If this was not true, then the party would not shy away from taking on Gujarat chief minister Narendra Modi for his government’s inaction/tacit support for what happened over a decade back. Instead, the party is worried that an onslaught on Modi would inevitably result in a polarisation of the electorate which would only help the Gujarat CM. The Congress party’s reservations on this account are spot on, as in 2007, Sonia Gandhi’s maut ka saudagar remark helped Modi who capitalised on it to the fullest. But for a party which claims to be the guardian of secularism, does this not epitomise political opportunism?

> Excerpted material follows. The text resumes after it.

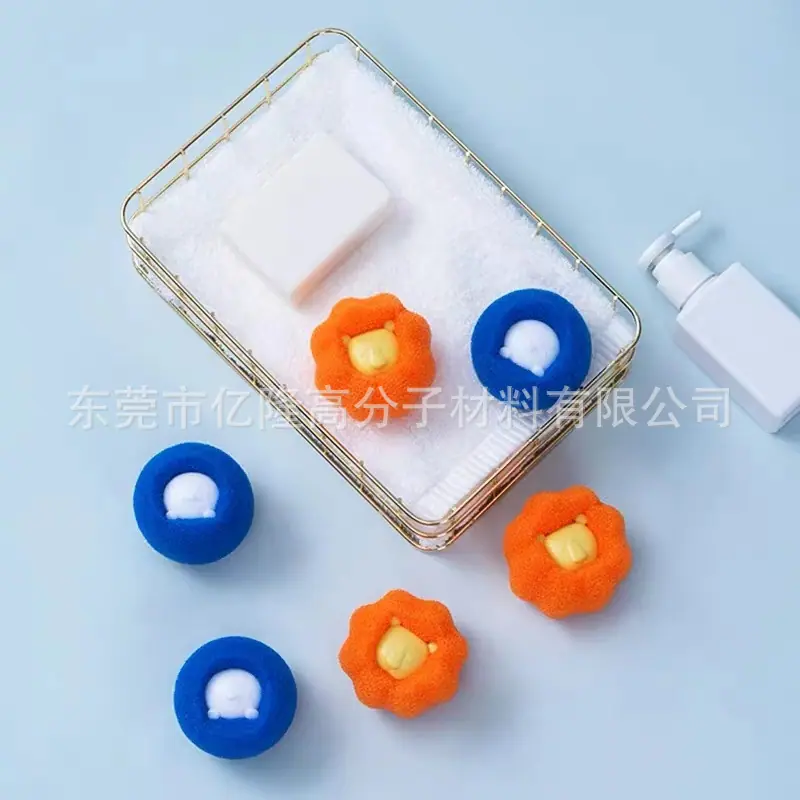 微信图片_202303240912182.jpg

The Congress party’s Gujarat campaign is not the only example of its disingenuous secularism. Another strong example of the above point is its inability to punish any of the perpetrators of the 1984 anti-Sikh pogrom, which the prime minister himself has dubbed as shameful and as a ‘negation of nationhood’ in 2005, during the discussions on the Nanavati Commission Report in Parliament.

It should be mentioned here, that only recently while TV channels were engaged in debates, last month, about whether or not militancy would raise its head in Punjab, one story which was glossed over was the recommendation by the Delhi government to pardon Kishori Lal, who was convicted for the murder of seven Sikhs during the 1984 pogrom.  

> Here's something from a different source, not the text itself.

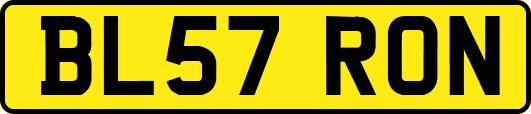 BL57RON
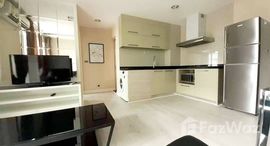 ยูนิตที่เหลืออยู่ในโครงการ เดอะ เครสท์ สุขุมวิท 34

While Kishori Lal was awarded the death sentence thrice by trial courts, and on each occasion, it was converted to life imprisonment by the Supreme Court. What is shameful is that the New Delhi government has been trying hard to protect him.

The Shiela Dixit government condoned his life imprisonment in one case earlier and this time went ahead by condoning it in two other cases. Support provided to such individuals is unfortunate, because Singh’s apology to the nation, in 2005, came as a breath of fresh air, not just because it assuaged the feelings of the community in general and the victims in particular, but because it sent a message that the party genuinely empathised with the victims of the 1984 pogroms. The prime minister’s apology also gave the party a moral edge over the BJP, which has always tried to free itself from the taint of 2002 by referring to 1984.

Unfortunately, Singh’s desire to apply a balm on the wounds of the Sikh community has not found resonance with sections of the party.

There is no other explanation for letting of Kishori Lal and not showing more urgency in bringing the culprits of the 1984 riots to book. Nothing for example, stops the setting up of a Supreme Court-led Special Investigation Team (SIT) as has been recently suggested by H S Phoolka, a senior lawyer who has been fighting cases for riot victims. But the Congress party naturally seems to have other ideas, since the setting up of an SIT may actually put individuals like Jagdish Tytler, close to the first family, in the dock.

The Indian prime minister has been able to convince the party on issues such as the Indo-US Nuclear deal and more recently economic reforms. In doing so, he has had to cross swords with sections of the party which have still not come to terms with a post cold war era. It is time, that the PM also took a firm stand on pushing for justice for the victims of 1984 something he had promised seven years ago. Such a step would ensure that never again will the country have to witness such a heinous carnage.